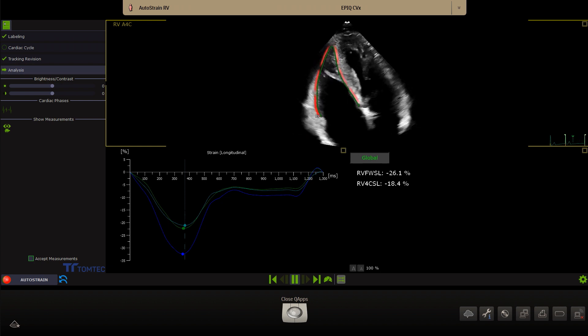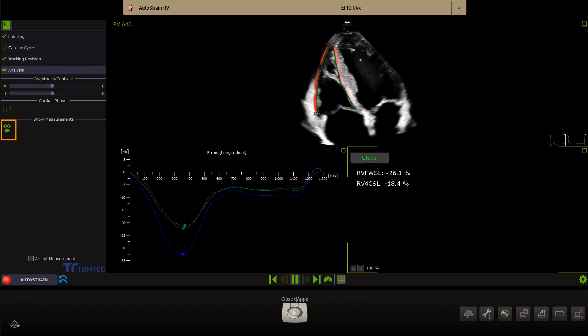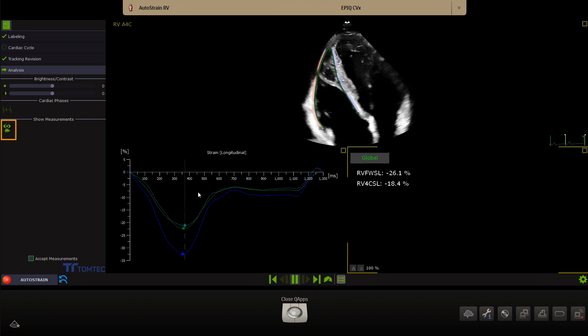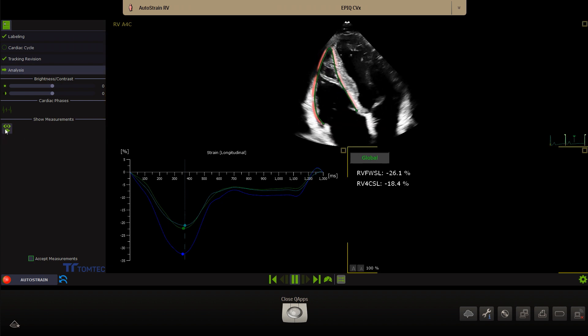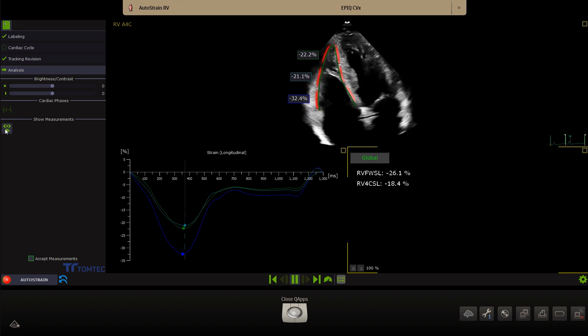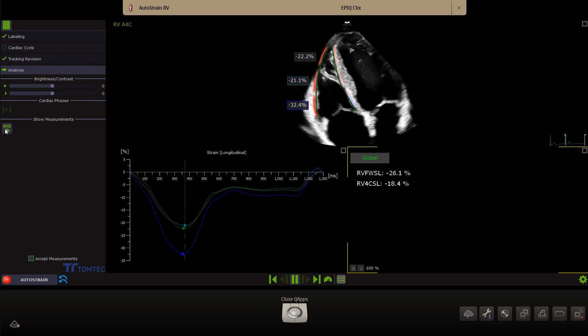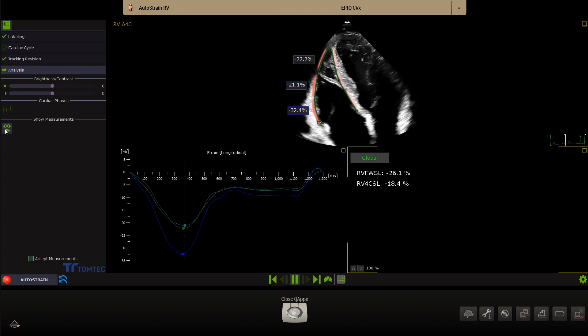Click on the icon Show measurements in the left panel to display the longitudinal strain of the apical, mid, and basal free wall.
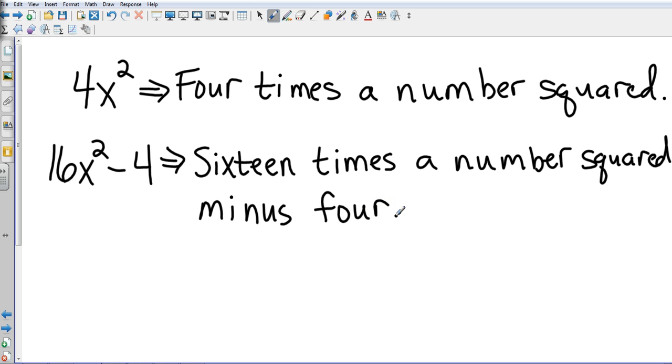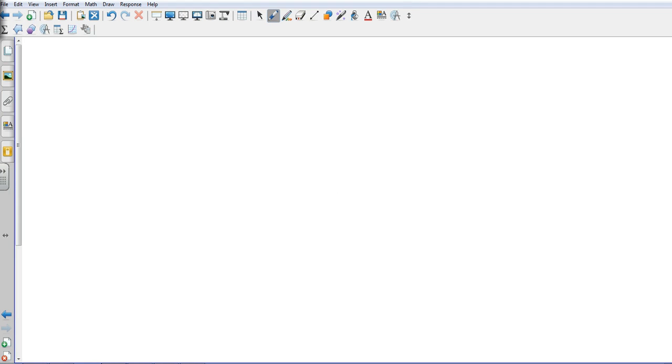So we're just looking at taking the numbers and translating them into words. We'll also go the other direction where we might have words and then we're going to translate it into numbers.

--

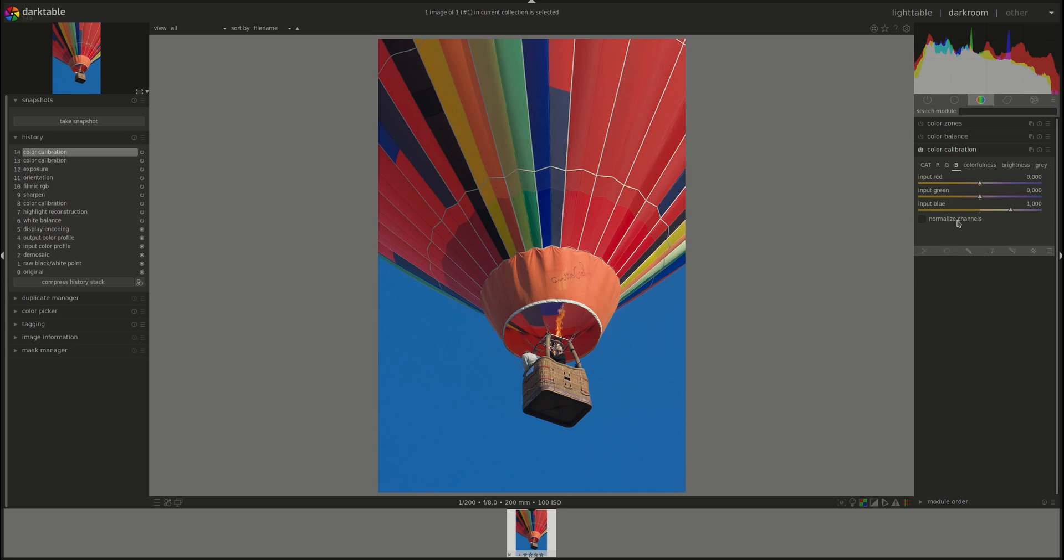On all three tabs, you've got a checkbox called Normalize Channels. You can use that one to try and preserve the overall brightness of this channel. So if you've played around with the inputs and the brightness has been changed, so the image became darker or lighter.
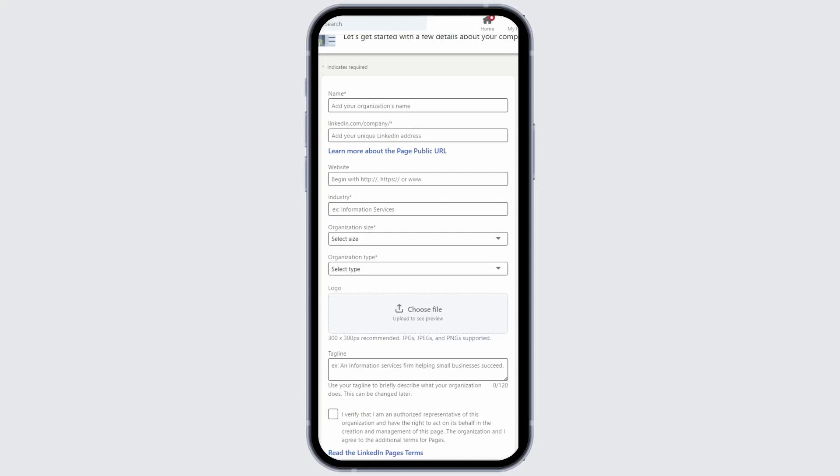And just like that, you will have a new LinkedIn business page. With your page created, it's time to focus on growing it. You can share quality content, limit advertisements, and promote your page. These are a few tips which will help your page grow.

--

__Aim of the exercise__. With the pictures left out, write out exactly the lines above from the one containing "Click on the" through the one containing "So we're just".

__Result of this exercise__.
Click on the icon Show measurements in the left panel to display the longitudinal strain of the apical, mid, and basal free wall.
So we're just looking at taking the numbers and translating them into words. We'll also go the other direction where we might have words and then we're going to translate it into numbers.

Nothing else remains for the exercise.